Effectiveness of Dialysis Transition Unit to Improve Patients' Decision-Making and Self-Management Skills

Session Information

Category: Dialysis

  • 801 Dialysis: Hemodialysis and Frequent Dialysis

Authors

  • Munawar, Warda, University of Calgary Cumming School of Medicine, Calgary, Alberta, Canada
  • Hammer, Veronica, University of Calgary Cumming School of Medicine, Calgary, Alberta, Canada
  • Lee, Chel, University of Calgary Cumming School of Medicine, Calgary, Alberta, Canada
  • Fox, Danielle E., University of Calgary Cumming School of Medicine, Calgary, Alberta, Canada
  • Elliott, Meghan J., University of Calgary Cumming School of Medicine, Calgary, Alberta, Canada
  • MacRae, Jennifer M., University of Calgary Cumming School of Medicine, Calgary, Alberta, Canada
Background

Dialysis initiation is a stressful time for people living with kidney failure. As a quality improvement initiative, we created a dialysis transition unit (DTU) in Calgary, Alberta with the goal of providing person-focused dialysis care for patients starting hemodialysis.

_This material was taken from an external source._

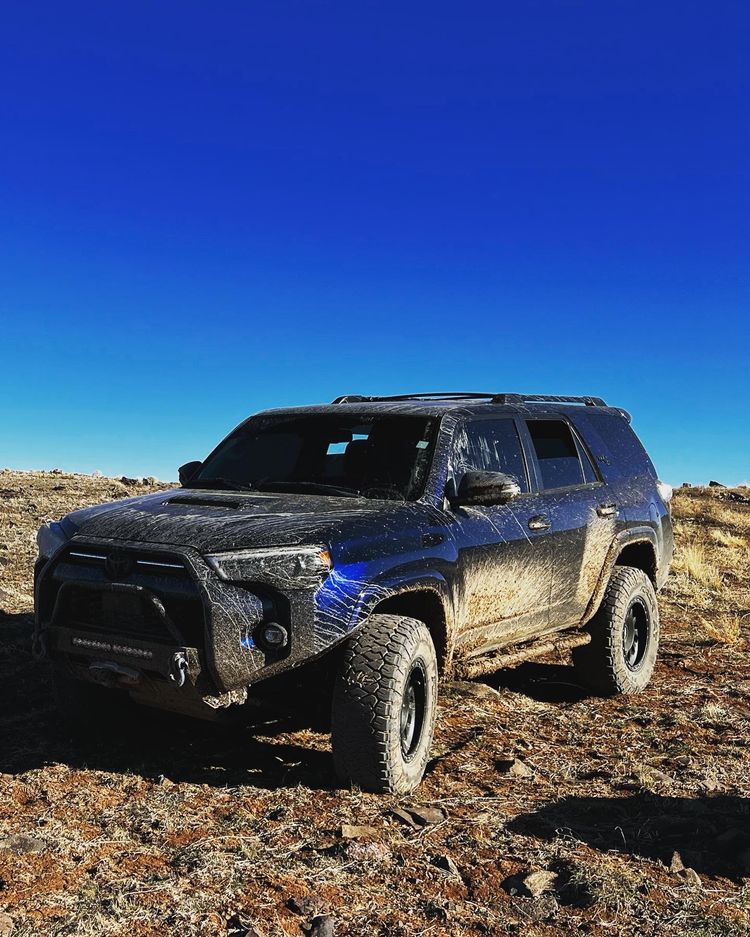 2021 4Runner TRD Off-road Premium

Objectives:To compare patient’s perception of participation in self-management and receipt of dialysis transition/chronic care counseling using PACIC-20, (Patient Assessment of Chronic Illness Care) between patients starting hemodialysis in the DTU and in a traditional facility-based HD unit (HDU).

Methods

PACIC-20, anxiety (GAD-7) and depression (PHQ-9) scores were captured prospectively (June 1, 2021-June 30, 2022) on patients starting hemodialysis on the DTU and the HDU at dialysis initiation and two weeks later. Our primary outcome of interest was between-group differences in PACIC-20 scores at 2 weeks after dialysis initiation. Secondary outcomes included between-group differences in PACIC-20 subcategories and between-group differences for the change in patient-reported outcome measures of GAD-7 and PHQ-9 at 2 weeks.

Results

A total of 26 DTU and 26 HDU participants completed data collection (mean age 62.6 ± 17.7 years; 42.3% females). The PACIC-20 scores at two weeks were similar (DTU 3.60 ± 0.6 and HDU 3.26 ± 0.95, P = 0.21). All PACIC-20 subcategories were similar between groups except for problem solving, which trended higher in DTU (4.09 ± 0.9 vs 3.39± 1.36, p=0.06). The subcategory, patient activation was associated with improved anxiety in DTU (p= 0.02) but not HDU (p= 0.35). The between-group difference was significant for PHQ-9 for DTU (p= 0.007) but non-significant for GAD-7 (p=0.05).

Conclusion

While we did not find a significant difference in the overall patient perception of self management (PACIC-20) when transitioning to a specialized DTU (vs HDU), we did find improved problem-solving scores and lower depression scores for DTU. Further research on the role of a DTU to optimize patient care is needed.